*** Opening Exercise material ***

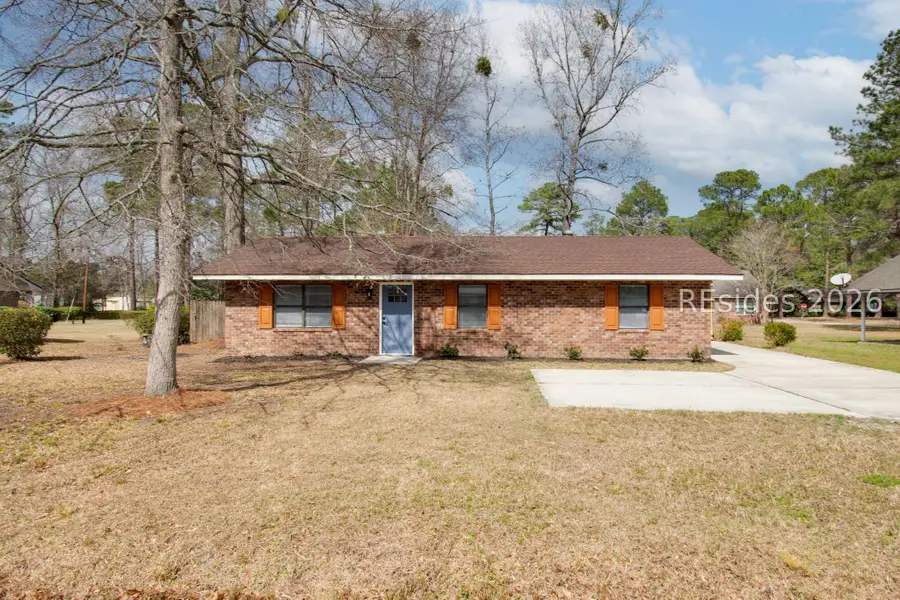 91 Forest Avenue, Ridgeland, SC 29936 - #3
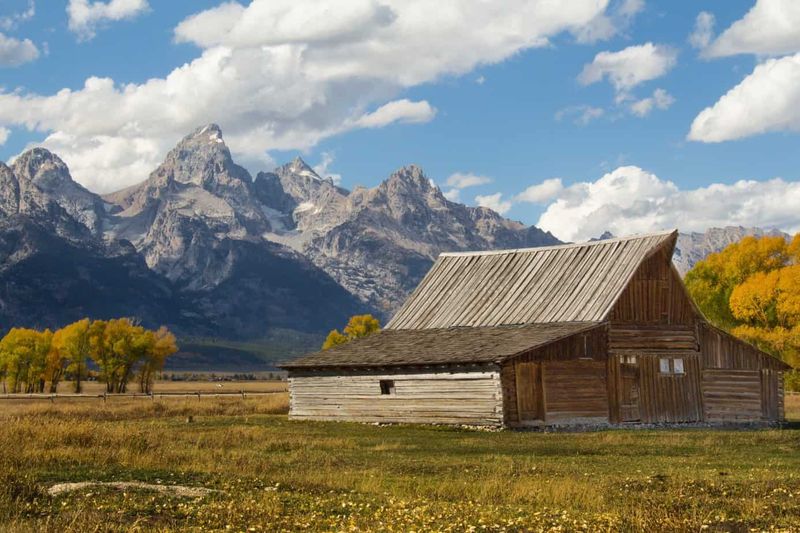 Jackson Hole, Wyoming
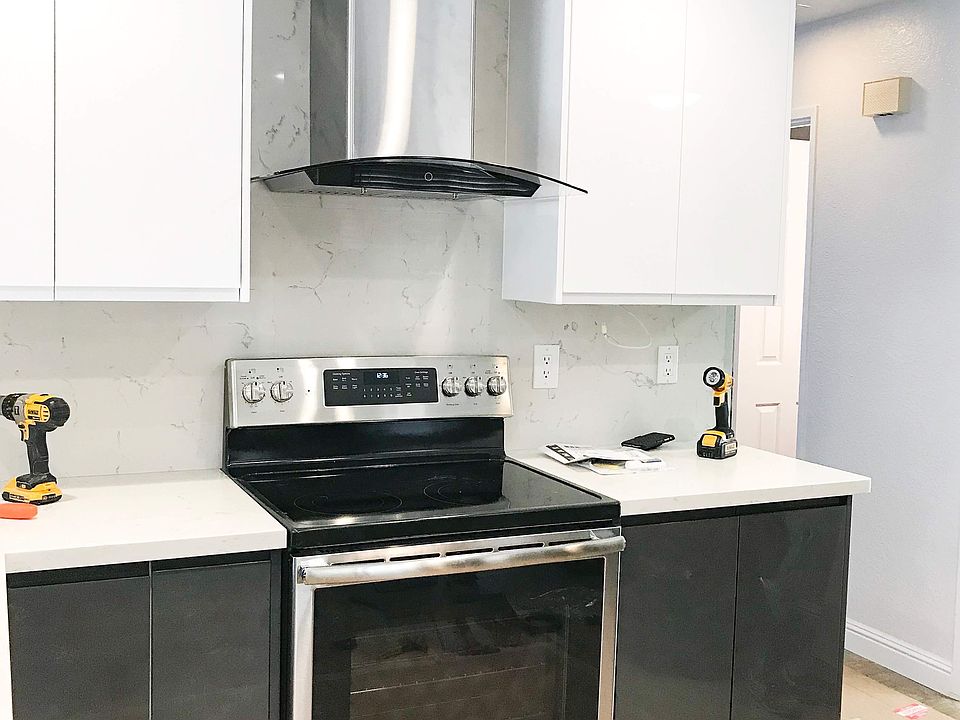 Remodeled in 2018 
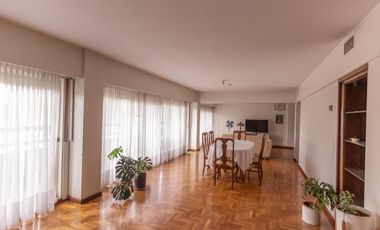 Departamento en venta 4 Dormitorios - Rosario  MACROCENTRO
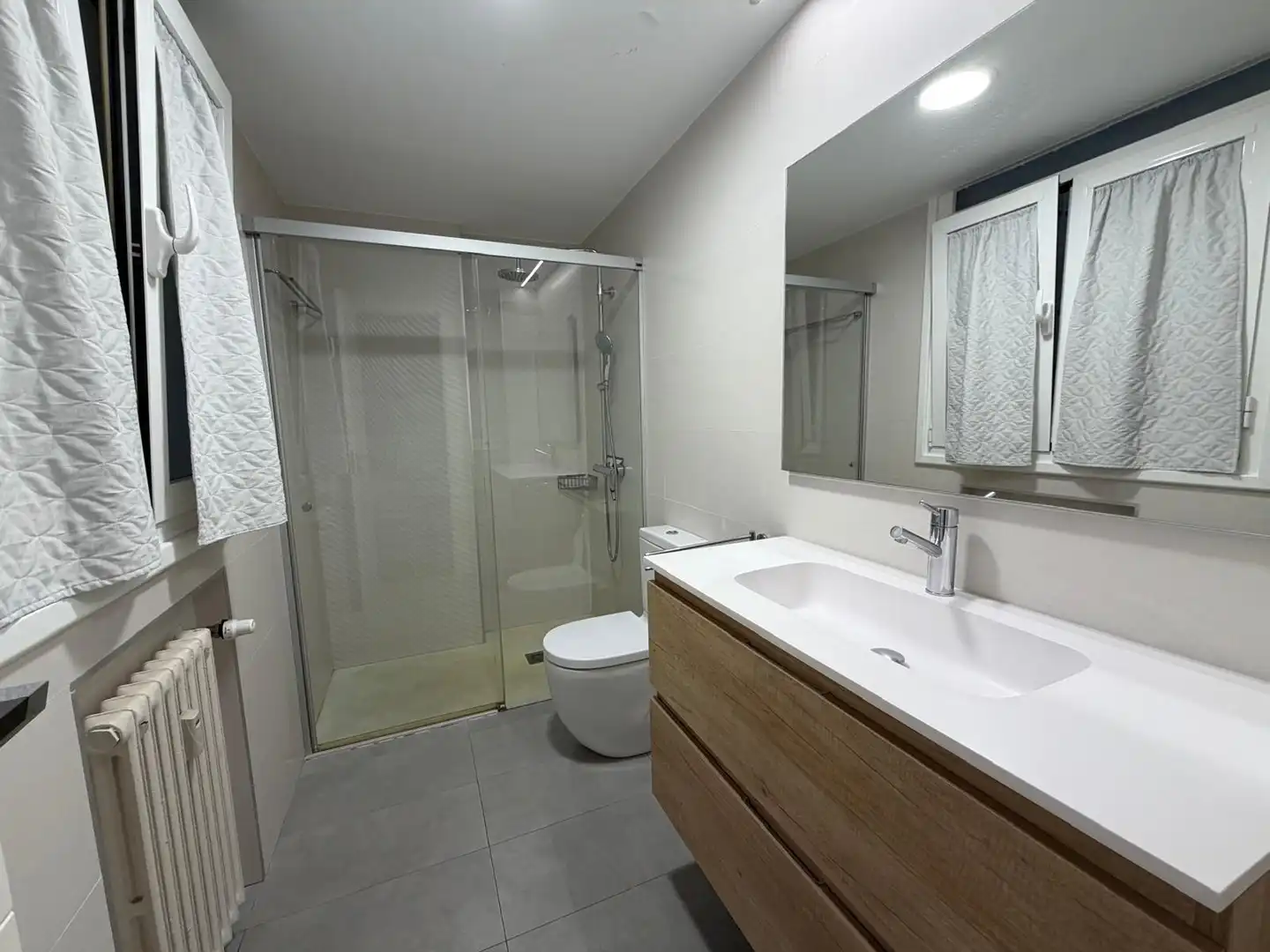Piso de 157 m² en Pamplona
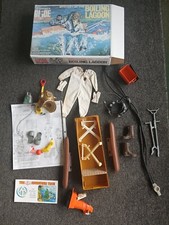 Vintage joe mystery for sale  Inverness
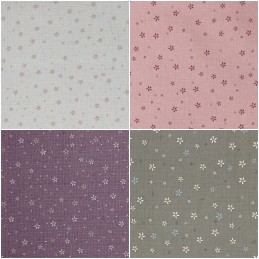 100% Cotton Fabric |...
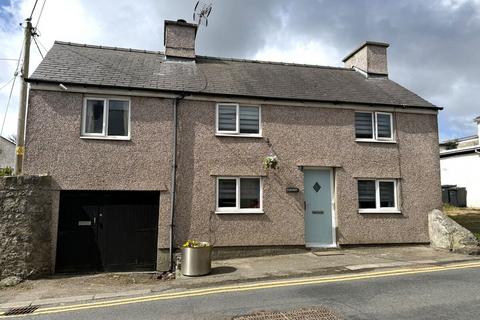 3 bedroom detached house for sale, Chapel Street, Newborough, Anglesey, LL61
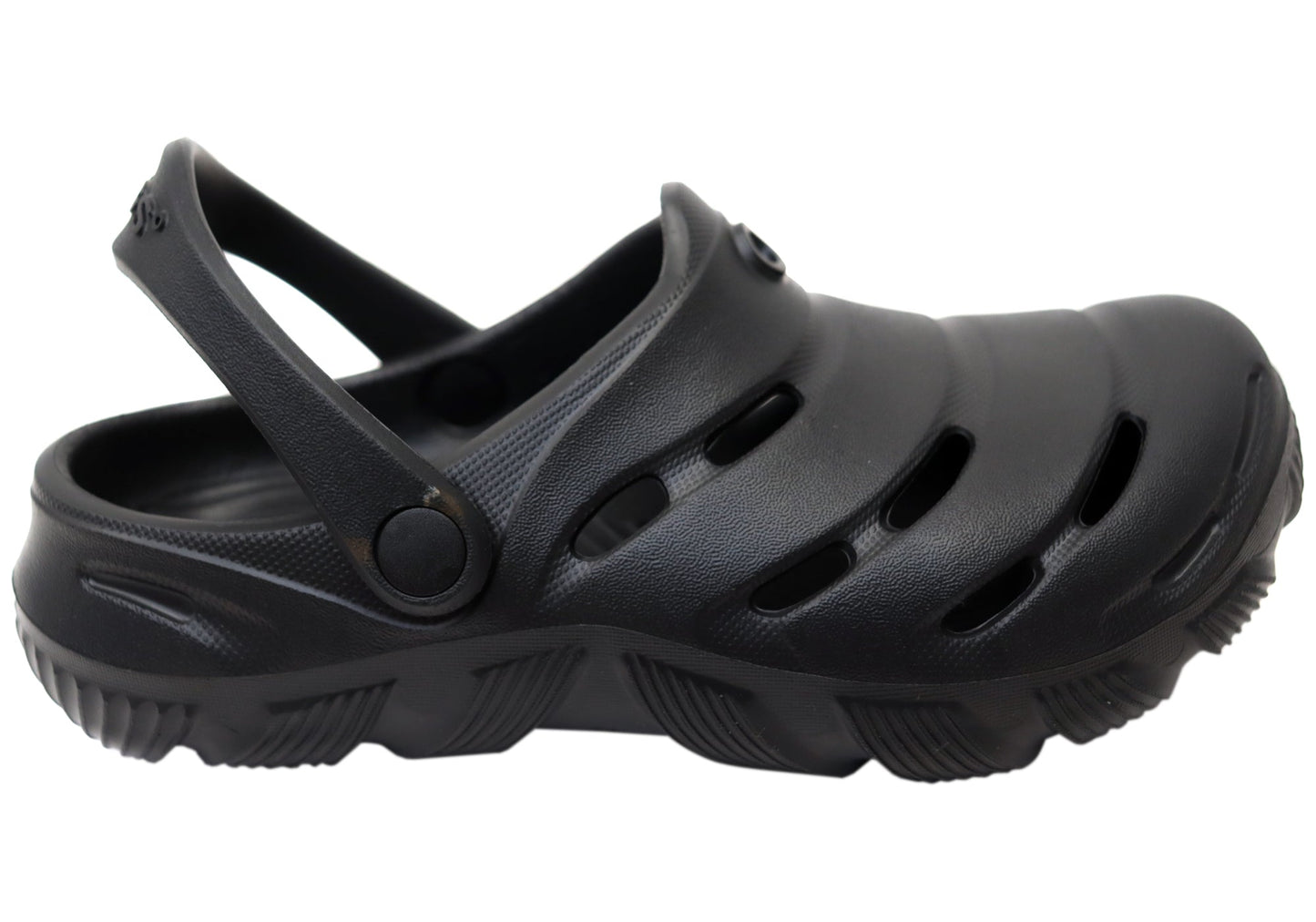 Bogs Kids Comfortable Boga Casual Slip On Shoes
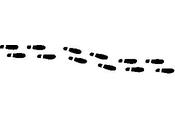 Carpet Detects People Falling Strange Footsteps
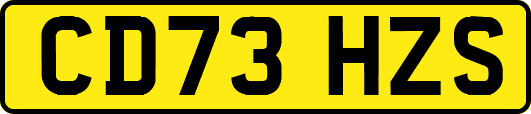 CD73HZS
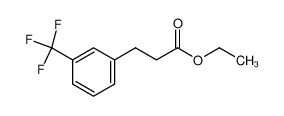 间三氟甲基苯丙酸乙酯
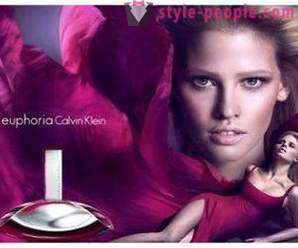 Parfum Calvin Klein Euphoria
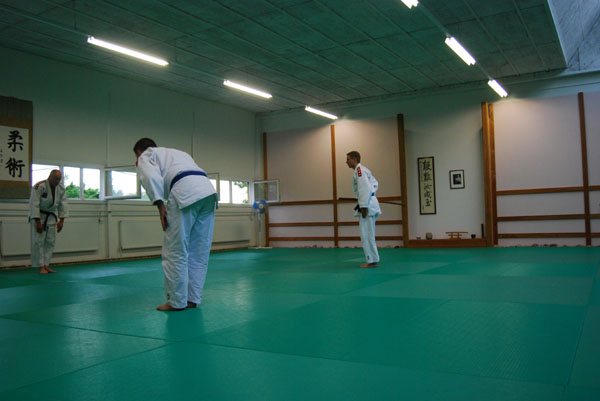Bushido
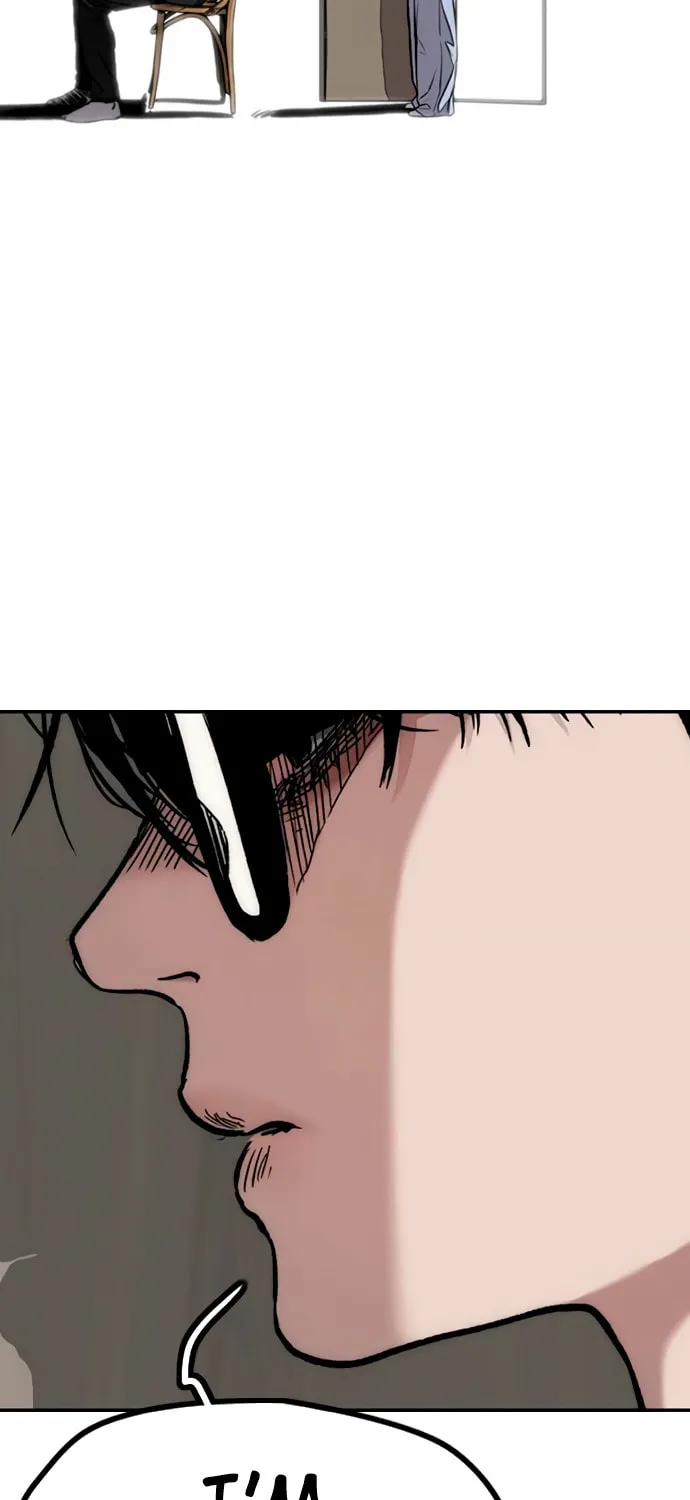 Wind Breaker Chapter 454 page 174 - 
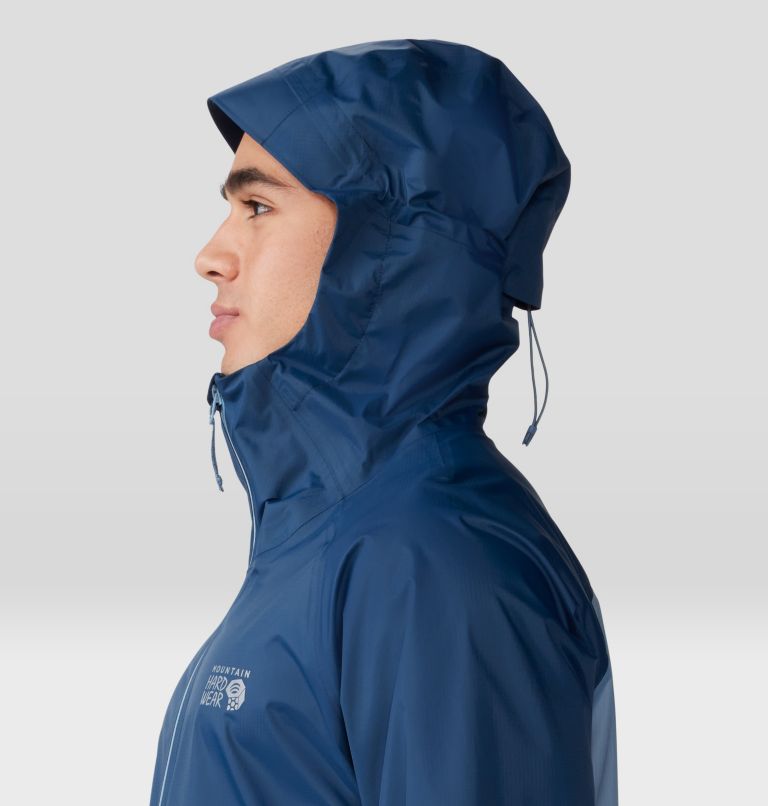 Men's Threshold™ Jacket | Mountain Hardwear Men's Threshold™ Jacket | Mountain Hardwear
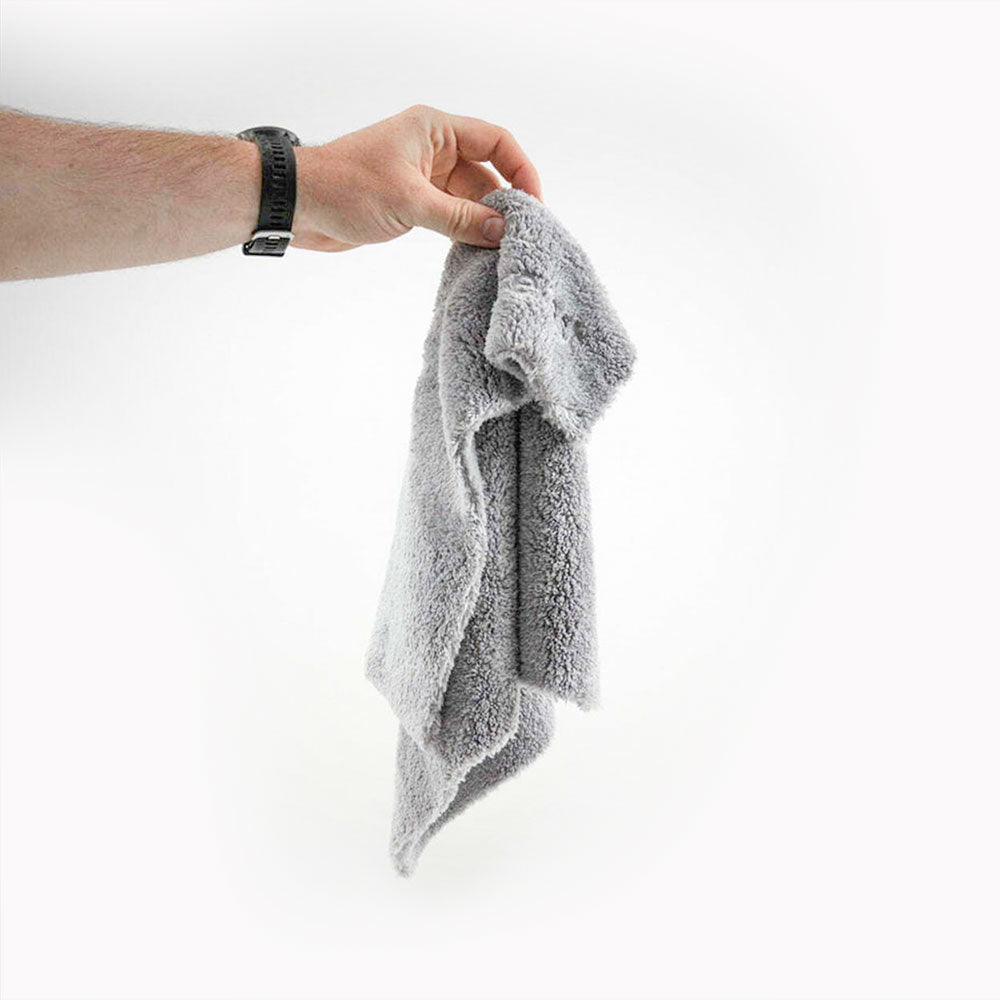 PURE:EST krpa od mikrofibre bez rubova 40x40 cm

*** Closing Exercise material ***

Work order: This task calls for the listing to be restated exactly, with images omitted.

Written response:
 91 Forest Avenue, Ridgeland, SC 29936 - #3
 Jackson Hole, Wyoming
 Remodeled in 2018 
 Departamento en venta 4 Dormitorios - Rosario  MACROCENTRO
Piso de 157 m² en Pamplona
 Vintage joe mystery for sale  Inverness
 100% Cotton Fabric |...
 3 bedroom detached house for sale, Chapel Street, Newborough, Anglesey, LL61
 Bogs Kids Comfortable Boga Casual Slip On Shoes
 Carpet Detects People Falling Strange Footsteps
 CD73HZS
 间三氟甲基苯丙酸乙酯
 Parfum Calvin Klein Euphoria
Bushido
 Wind Breaker Chapter 454 page 174 - 
 Men's Threshold™ Jacket | Mountain Hardwear Men's Threshold™ Jacket | Mountain Hardwear
 PURE:EST krpa od mikrofibre bez rubova 40x40 cm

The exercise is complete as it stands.